Please restate every line below exactly, without any pictures.

# PROVIDED DATA:
--------------------
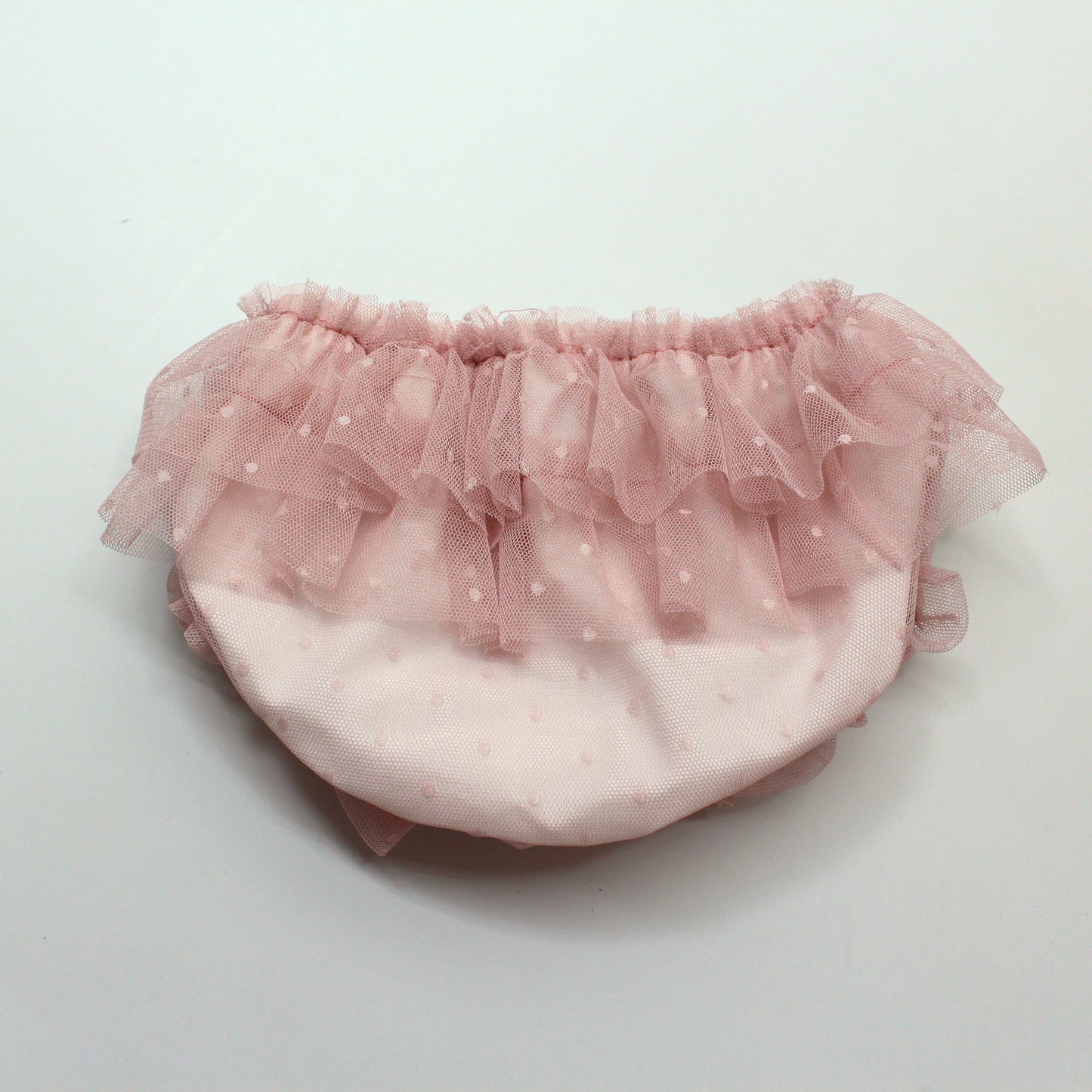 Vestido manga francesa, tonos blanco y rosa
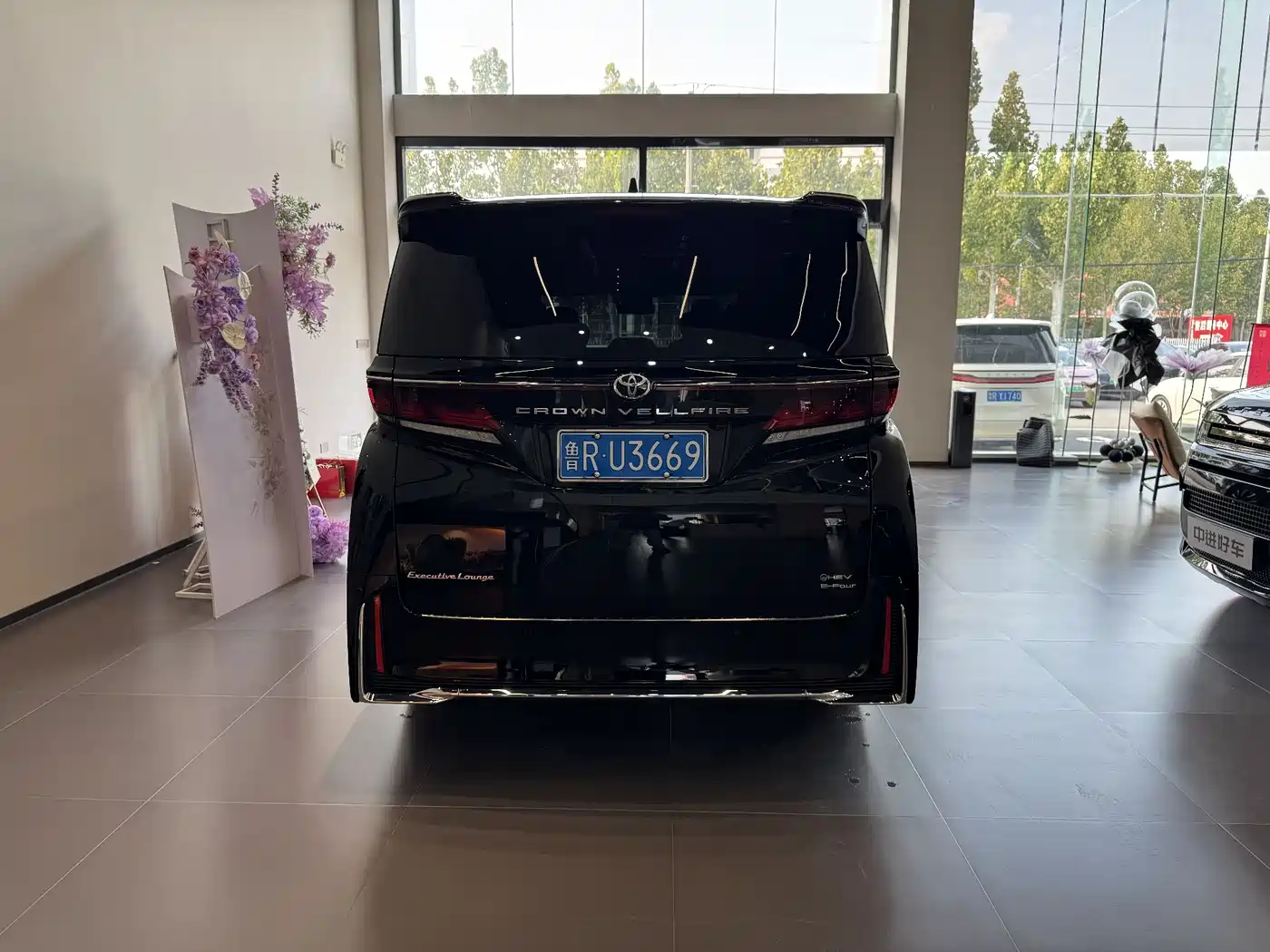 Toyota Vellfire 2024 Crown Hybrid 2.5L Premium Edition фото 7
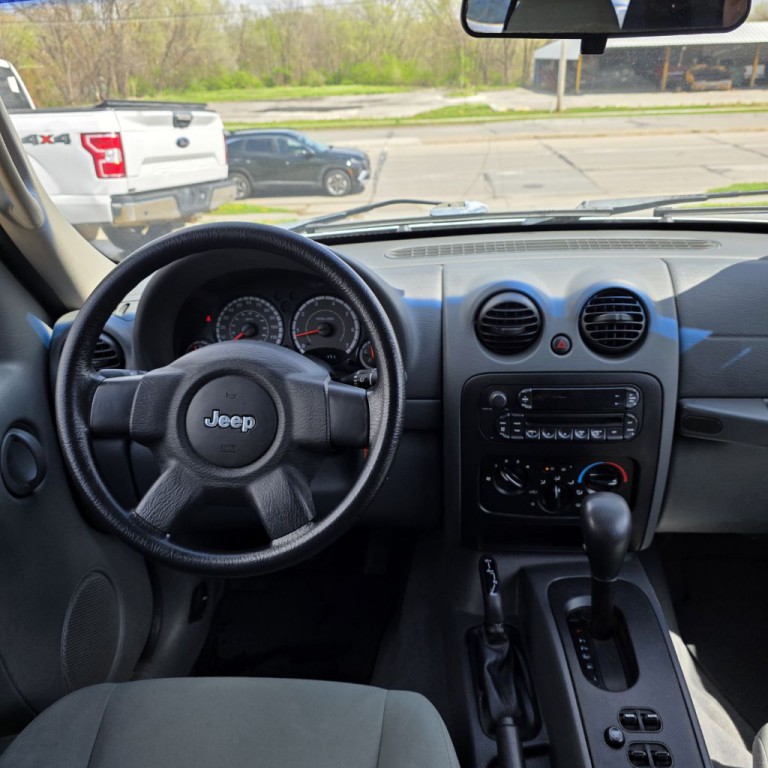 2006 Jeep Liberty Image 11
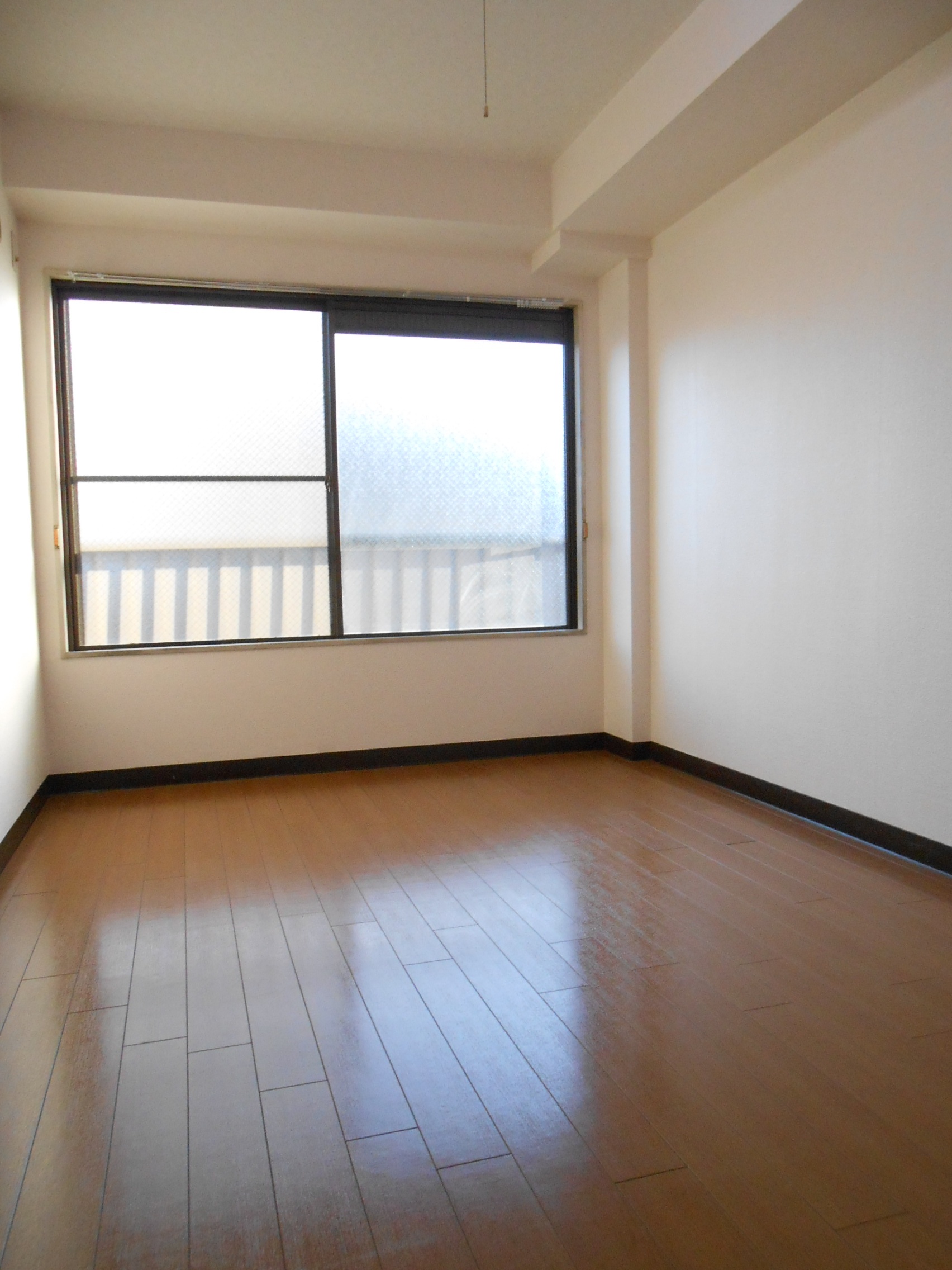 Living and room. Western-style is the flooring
--------------------
# ANSWER TO THE EXERCISE:
 Vestido manga francesa, tonos blanco y rosa
 Toyota Vellfire 2024 Crown Hybrid 2.5L Premium Edition фото 7
 2006 Jeep Liberty Image 11
 Living and room. Western-style is the flooring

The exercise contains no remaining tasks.